|Photo courtesy of Flickr user Nomor95 under Creative Commons 3.0|
I used to like Chris Brown. And not just because he was really, really, ridiculously good-looking.
At a time when everyone seemed to be "in love with a stripper," Brown was more respectfully interested in more modest women, like the ones he chased in "Excuse Me, Miss." And when most music wanted you to "shake that ass" for them, Brown wanted to dance with you; "Forever."
I even had "Kiss Kiss" as my ringtone for a while. Because ringtones were thing. And I used to really like Chris Brown.
When he and Rihanna performed together at the 2007 MTV Video Music Awards, it seemed like a match made in pop culture heaven. I was even a little jealous.
But that was almost 4 years ago. A lot has changed since then.
In February of 2009, Brown was arrested for assaulting Rihanna. According to sources for E! news, "she suffered visible bruises on her face during an early morning confrontation." The couple skipped the Grammys the next day-- even though both were nominated for awards and scheduled to perform.
After spending some time apart, the two reconciled at P.Diddy's Florida mansion. While reports made it clear Rihanna's family was concerned, "her father Ronald Fenty said he would support his daughter whatever decision she made."
Brown was sentenced that August, receiving 5 years of probation. The hearing revealed the couple had been involved in two other incidents of domestic violence before the very public February ordeal.
By November, they were officially over, and Rihanna was speaking out against domestic violence. During a particularly painful interview, she admitted going back was a mistake and that she was embarrassed by her decision.

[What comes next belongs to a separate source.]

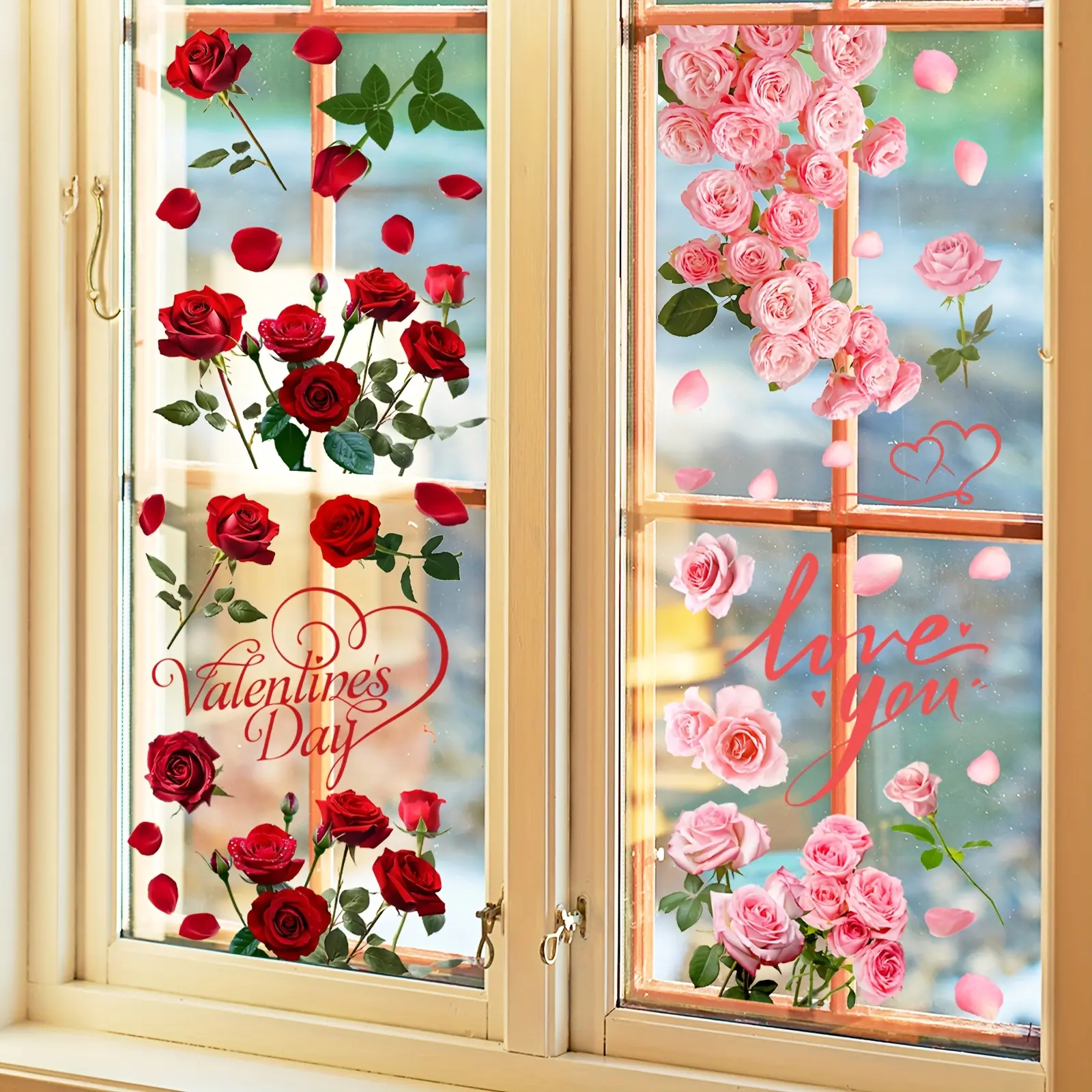A set of 4 (30cm*40cm*4pcs) red and pink rose "Happy Valentine's Day" window stickers, double-sided visible, decorative window decals, suitable for home windows, glass doors, static stickers HA16501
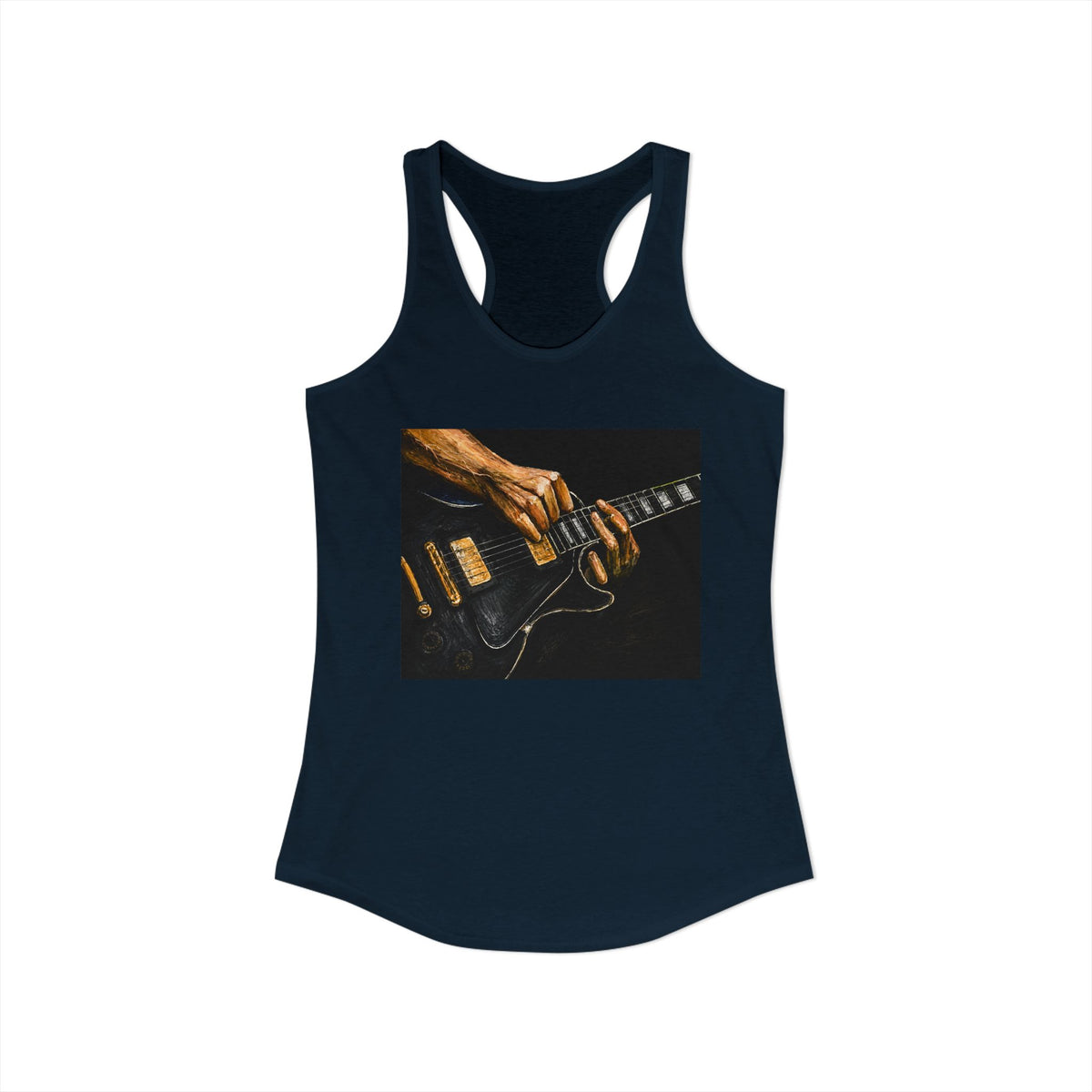 Rock Guitarist Hands on Les Paul Women's Ideal Racerback Tank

Fast forward to February of this year, when a judge lifted Brown's restraining order-- supposedly to make award shows less awkward.
Both careers continue to flourish. Brown has even released a new album, F.A.M.E. which he recently promoted on Good Morning America. But when he was asked about the past, Brown flipped and split.
"ABC News said Brown smashed a window in his dressing room after his interview with GMA's co-host Robin Roberts on Tuesday. Roberts had asked Brown about the Grammy eve beating two years ago, for which he is still on probation."He apologized and "noted that he didn't physically harm anyone." But property damage, instead of assault, isn't exactly a personal victory.
Brown desperately wants to move on. But people aren't going to forget. And they shouldn't.
In a world where too much domestic violence goes undocumented, Brown needs to be held accountable. Otherwise, the courage it took Rihanna to come forward was all in vain.
Usually celebrities wrong the unknown. But in this instance, both parties were already famous, so the victim had agency. Rihanna had access to the same news outlets as her assailant. And her story wasn't overshadowed by Brown's popularity because she was equally popular.
No one assumed Rihanna was doing it for money or fame. She was simply doing it because it was right. And everyone saw how difficult it was for her to come forward. Rihanna, like all victims, would gain very little. She had more to lose by telling the truth.
But Brown is still trying to make a comeback. The first single off his new album (the same song he performed on Good Morning America, before he stormed off) is rather predictable; go to the club, pop bottles, yell things (like "yeah") and hopefully hook up. Just another day in the life.
And the music video for "Yeah 3x" showcases Brown's dancing, which increasingly defies gravity.
But when it comes time to "break it down," Brown says rather something disturbing:
"All the pretty young things in the party-- lemme see your hands up. And if they mad and they don't wanna party-- tell 'em shut the fuck up."
Normally, these non-rhymes would pass under the radar, almost completely undetected. But it's harder to stomach Brown's aggressive language, given his violent tendencies.
Offended, my immediate response was; "Don't tell me to shut the fuck up, Chris Brown."
Typically, musical misogyny is merely a performance. But I stopped giving Brown the benefit of the doubt once he blurred the line between questionable lyrics and unforgivable actions.
Of course it's problematic that hyperbole involving sexual objectification and violence against women sells music-- but real, documented violence is totally unacceptable.
While Brown has tweeted his thanks to followers for their overwhelming support, this is one former fan who is not impressed. Or buying it. And as far as I'm concerned, it's over.